We were interested in materials from the place itself—sand, concrete, stone—and the building lies in a spot where it almost becomes part of the mountain.
Angular outer walls aim to mimic the surrounding peaks in form and color: They’re cast from gray concrete with a layer of round stones carefully embedded in the mix as a decorative flourish.
A jagged path leads visitors past lush green fields, through an entrance emblazoned with sculpted metal vines, into a welcoming lobby. A hidden door in one section of the whitewashed, wood-paneled wall swings open—inviting curious explorers to discover the wine production area. Architect Fernando Raganato told ArchiExpo e-Magazine:
I designed a route for the public so they can understand the full process.
His open walkway gives a clear view of towering egg-shaped concrete vats, where grape juice is taken to ferment. He explained:
That workspace is the heart of the building. We had to make sure it’s compact, so people can easily move around and bring in the product.
The walkway carries on through a glass corridor which guides visitors out of the production area, down to the next section: An underground cave where barrels of wine are left to age. Its arched structure was cast using wooden molds and concrete, which helps maintain an optimum cool temperature.
An intimate tasting room with dark wooden furnishing sits behind a glass partition near the storage area. But the main drinking chamber lies under the reflective dome of a central tower, which rises above the other wings of the winery and provides a pleasing contrast to its stark brutalist lines.

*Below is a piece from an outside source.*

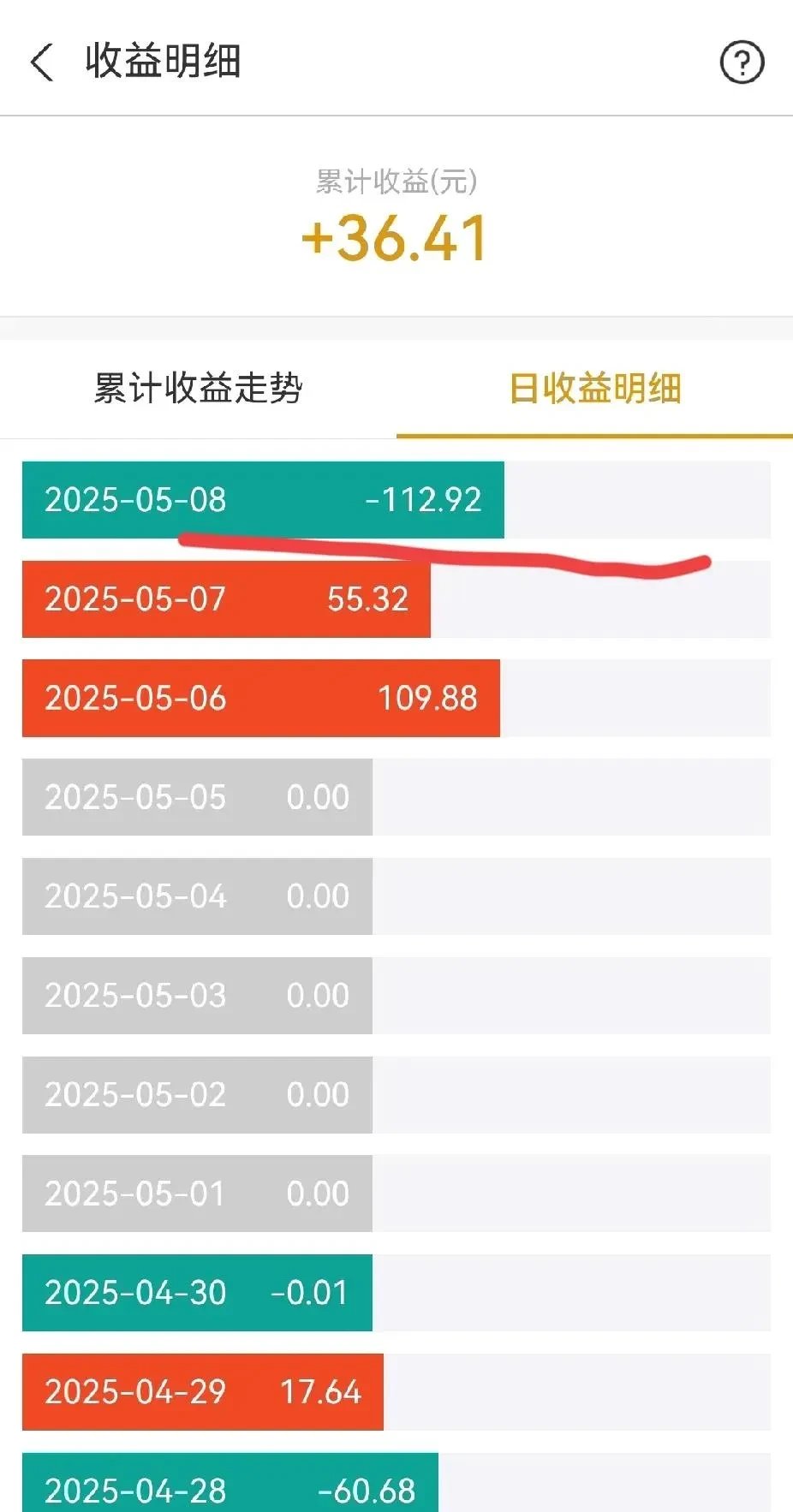 黄金概念股走强，黄金股票ETF、黄金股ETF涨超3%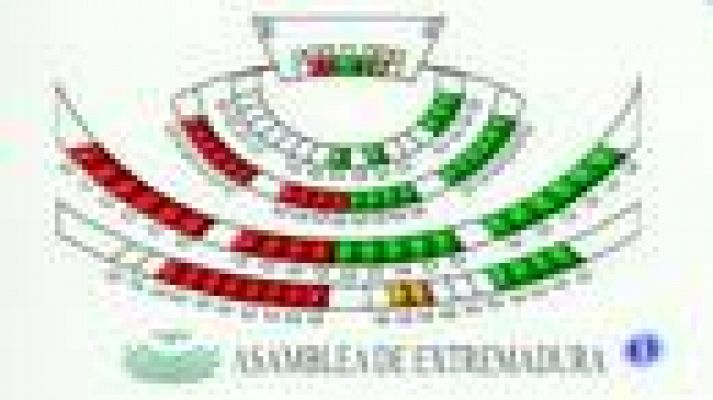 Noticias de Extremadura - Noticias de Extremadura 2 - 12/12/12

Inside, a round table follows the curves of the cupola, circled around a glass portal in the floor which looks down into a dimly lit storage room directly below. It feels like a sacred shrine: Hundreds of bottles are clustered in racks facing a huge rock, known as “the infinite stone,” which was saved from the site before construction began. Raganato concluded:
The concept of the cupola is universality and unity. It’s the final point, for both the people and the wine – so you can open a bottle and taste it there.